Below is a listing; restate from it, character for character, the lines beginning at the line holding "Step 3: Watch" and ending at the line holding "They're a slim", both included.
-------- Provided information
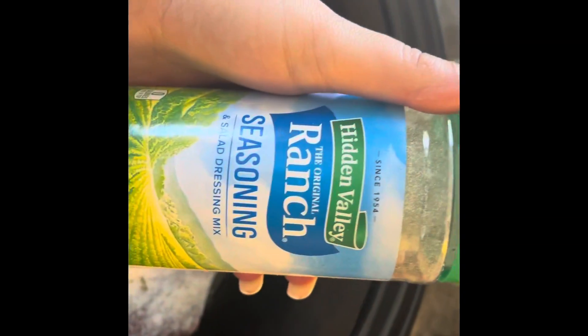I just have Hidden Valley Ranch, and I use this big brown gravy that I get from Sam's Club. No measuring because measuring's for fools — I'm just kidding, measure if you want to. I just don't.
----------------
-------- Provided information
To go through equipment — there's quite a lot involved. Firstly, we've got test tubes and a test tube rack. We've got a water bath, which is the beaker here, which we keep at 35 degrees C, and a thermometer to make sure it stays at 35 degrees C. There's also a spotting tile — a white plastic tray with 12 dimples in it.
----------------
-------- Provided information
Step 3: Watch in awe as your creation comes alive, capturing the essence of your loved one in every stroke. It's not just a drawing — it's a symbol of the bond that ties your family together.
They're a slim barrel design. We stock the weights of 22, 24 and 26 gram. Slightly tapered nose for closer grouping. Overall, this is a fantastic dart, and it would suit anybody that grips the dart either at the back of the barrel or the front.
----------------
→ Solution to the problem
Step 3: Watch in awe as your creation comes alive, capturing the essence of your loved one in every stroke. It's not just a drawing — it's a symbol of the bond that ties your family together.
They're a slim barrel design. We stock the weights of 22, 24 and 26 gram. Slightly tapered nose for closer grouping. Overall, this is a fantastic dart, and it would suit anybody that grips the dart either at the back of the barrel or the front.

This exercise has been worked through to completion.